1. The problem statement, all variables and given/known data
This is actually a question we went over in class, but I kind of spaced out when my teacher was explaining it. I have since solved it myself while I was reviewing for my calculus test, but when I compared my answer with the answer key my teacher provided to our class, I found out my answer was wrong. Here's the question.

"Write and solve the differential equation that models the statement in the following problem.

The rate of change of P with respect to t is proportional to 10-t."

2. Relevant equations
I should add that this is part of our chapter involving exponential growth and decay.

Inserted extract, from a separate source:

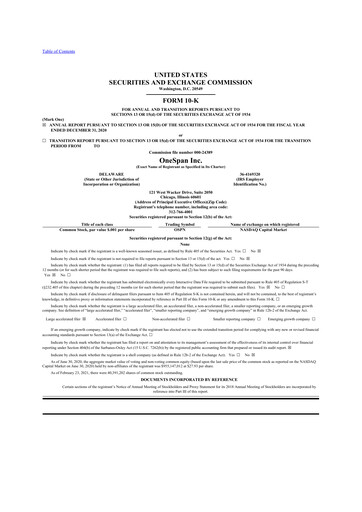 Thumbnail OneSpan 10-K Annual Report 2020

3. The attempt at a solution
Now, I understand how to do this particular problem. You essentially start off with the following differential equation:

dP/dt = K/(10-t)

You then multiply the dt over to isolate all the t variable expressions on the right side.

dP = [K/(10-t)]dt

Then you would take an indefinite integral of both sides respectively. The problem is, my teacher says that the answer should be:

P = -K*ln|10-t| + C

When I solved this on my own, I produced the same result essentially, just without a negative sign in front of the K constant. Am I missing something here? Could someone please explain to me why there should be a negative sign or did my teacher make a mistake?

2. Mar 17, 2013

### eumyang

Did you integrate the right side using u-substitution? After you use that method, the negative will appear in the answer.

3. Mar 17, 2013

### Daweih

Ah, no. I didn't. I tried integrating using substitution just now, and it worked. >.<
Thank you for pointing that out to me. It makes sense now.

4. Mar 18, 2013

### LCKurtz

When you say $y$ is proportional to $x$ that means there is a constant $k$ such that $y=kx$. So if the rate of change of $P$ is proportional to $10-t$, then $\frac{dP}{dt}= k(10-t)$. So you either are solving the problem wrong or stated the problem you are solving wrong.

Last edited: Mar 18, 2013
5. Mar 18, 2013

### Daweih

That's my mistake. I stated the problem incorrectly. It should say "inversely proportional". But regardless, eumyang pointed out what I was missing. I didn't use the substitution method to integrate the differential equation, so I never produced that negative sign.